2.1. Ingevolge artikel 8:1, eerste lid, van de Awb kan een belanghebbende tegen een besluit beroep instellen bij de rechtbank.
Ingevolge artikel 1:3, eerste lid, van de Awb wordt onder besluit verstaan een schriftelijke beslissing van een bestuursorgaan, inhoudende een publiekrechtelijke rechtshandeling.
Ingevolge artikel 1:1, eerste lid, van de Awb wordt onder bestuursorgaan verstaan:
a. een orgaan van een rechtspersoon die krachtens publiekrecht is ingesteld, of
b. een ander persoon of college, met enig openbaar gezag bekleed.
2.2. Het hoger beroep richt zich tegen het oordeel van de rechtbank dat zij niet bevoegd is om van het beroep kennis te nemen, omdat de stichting niet kan worden aangemerkt als bestuursorgaan in de zin van artikel 1:1 van de Awb en de brief van 16 augustus 2002 derhalve niet kan worden aangemerkt als een besluit in de zin van artikel 1:3, eerste lid, van de Awb.
2.3. Volgens appellant is de stichting een college dat met enig openbaar gezag is bekleed en dient zij op grond van artikel 1:1, eerste lid, aanhef en onder b, van de Awb als bestuursorgaan te worden aangemerkt. Daartoe betoogt appellant allereerst dat het beheer van de weg een publieke taak is, waardoor incidentmanagement ook een deel uitmaakt van de publieke taak.
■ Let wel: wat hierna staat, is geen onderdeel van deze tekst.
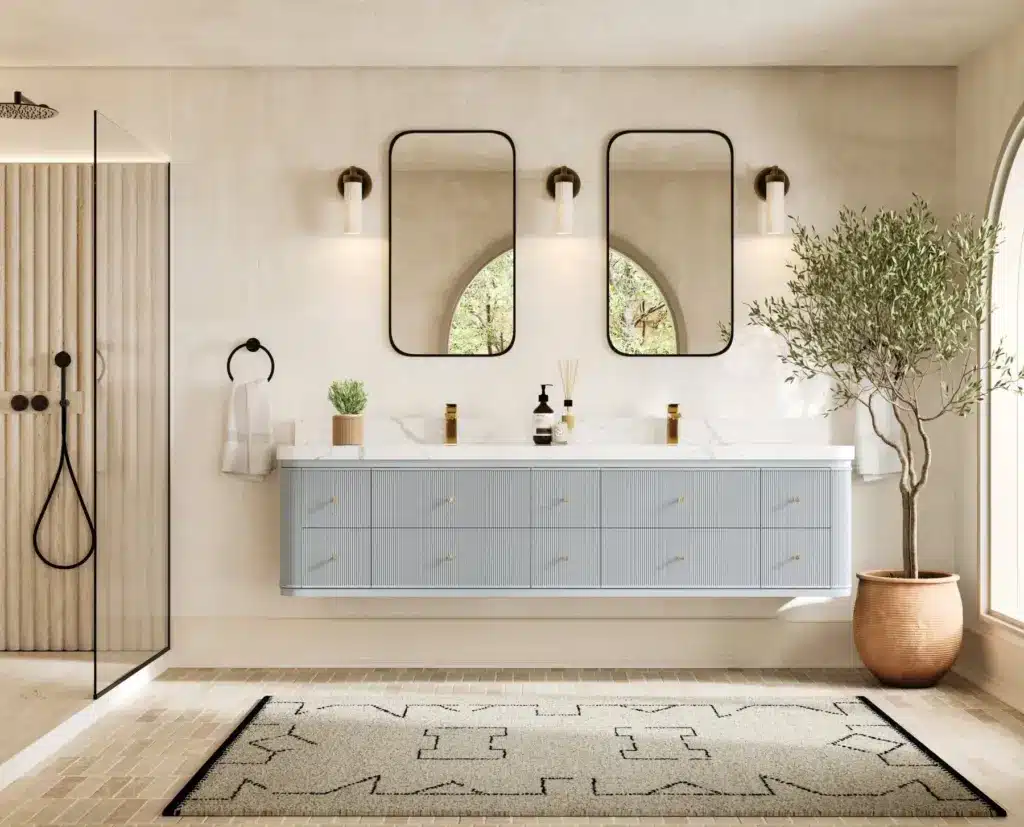 Modern bathroom with double sink vanity, wall mirrors, potted plant, shower, and natural light through arched window.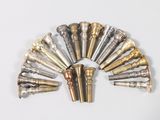 a lot of different types of brass pipes on a white surface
Voorts betoogt appellant dat de overheid beleidsregels heeft vastgesteld voor incidentmanagement en dat zij om dit beleid te verwezenlijken een overeenkomst heeft gesloten met de stichting. Tenslotte houdt de beslissing van de stichting om een berger een rayon te gunnen volgens appellant in dat de uitgekozen berger voor zijn rayon een exclusief recht heeft op een vergoeding van het Ministerie van Verkeer en Waterstaat (hierna: het ministerie) voor een bepaald onderdeel van de werkzaamheden, te weten de loze ritten, welke vergoeding in feite een subsidie is, aldus appellant.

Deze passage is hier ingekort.